Je parle du chanteur, pas de C. Son dernier album "Aimer ce que nous sommes" est INCROYABLE ! Un pur moment de bonheur que j'ai déjà écouté trois fois. Les textes sont à la fois sombres ou léger. Un vrai régal musical. C'est un objet sonore peu identifiable, mais à écouter les yeux fermés et surtout jusqu'à l'usure parce qu'il est beau et surtout richement travaillé.
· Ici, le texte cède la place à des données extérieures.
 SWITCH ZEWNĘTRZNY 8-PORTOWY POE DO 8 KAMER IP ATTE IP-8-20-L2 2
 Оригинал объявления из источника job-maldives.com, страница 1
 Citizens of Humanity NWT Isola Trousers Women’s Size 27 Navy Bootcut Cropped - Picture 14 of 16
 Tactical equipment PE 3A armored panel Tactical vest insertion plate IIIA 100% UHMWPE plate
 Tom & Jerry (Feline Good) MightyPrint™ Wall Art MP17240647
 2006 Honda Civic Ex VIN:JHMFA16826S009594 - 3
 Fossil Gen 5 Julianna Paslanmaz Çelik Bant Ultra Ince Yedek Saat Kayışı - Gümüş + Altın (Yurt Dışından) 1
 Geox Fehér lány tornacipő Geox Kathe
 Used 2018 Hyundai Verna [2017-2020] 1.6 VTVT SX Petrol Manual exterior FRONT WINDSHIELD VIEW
Les détails, les détails, les détaaaaails !!! C'est un disque rare, intemporel, aérien, mystérieux, sa voix est toujours pure. Christophe est quelqu'un d'élégant voir dandy en tout cas distingué ! La chanson "Parle lui de moi" la n°12 qui conclut presque l'album est un feu d'artifice d'émotions, l'apothéose qui trouve parfaitement sa place à la fin suite à ce voyage vers "l'ailleurs", un voyage dont on ne revient pas bredouille. On ressort grandi d'écouter ce disque. Puis c'est le dernier titre et suivent les crédits de l'album et anecdotes parfaitement lus par Daniel Filipacchi en guise de conclusion... Jouissif !!!
"Aimer ce que nous sommes"... Quel titre !!!
Christophe mon idole !!! Cliquez ici (pour le site) puis... Fermez les yeux et courez l'acheter :-)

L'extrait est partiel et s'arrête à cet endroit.